Curiously, this fact seemed to elude American military planners. While Churchill and his generals cautioned that an immediate invasion of France would be premature and destined to end in disaster, General George C. Marshall, Chief of Staff of the United States Army, recommended to President Franklin D. Roosevelt that the “first great offensive” be directed at northwest Europe.4 Marshall wanted the quick, decisive results he thought could be achieved by a frontal attack across the English Channel—the shortest route to Germany—employing maximum strength and accepting the severe casualties that such a strategy would undoubtedly incur. If this invasion could not be immediately mounted, and Marshall recognized this was the case, then a series of limited cross-channel assaults should be undertaken in 1942. The Americans designated this strategy Operation Sledgehammer.

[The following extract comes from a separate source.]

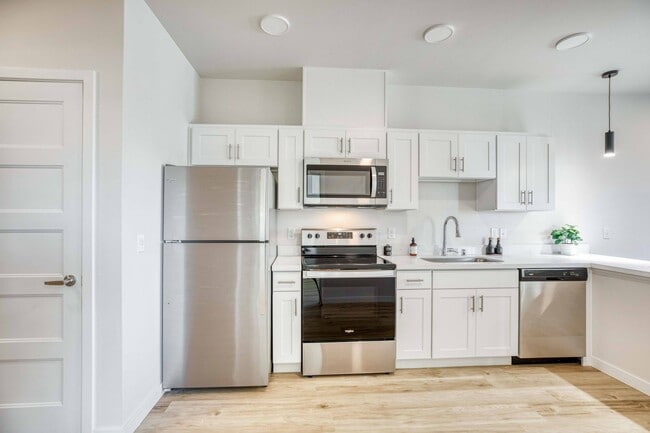 Photo - 7th and I Apartments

Meanwhile, Premier Joseph Stalin was demanding that his Western Allies do something besides talk and bluster. Germany’s invasion of the Soviet Union had committed Hitler to a war on two fronts—always risky because it forced a division of strength and attention—but there was little happening on the western front to distract or weaken German operations against Russia. Northern Africa presented the most immediate front that could be opened against Germany with the military strength, resources, and capability that the Allies could rapidly assemble.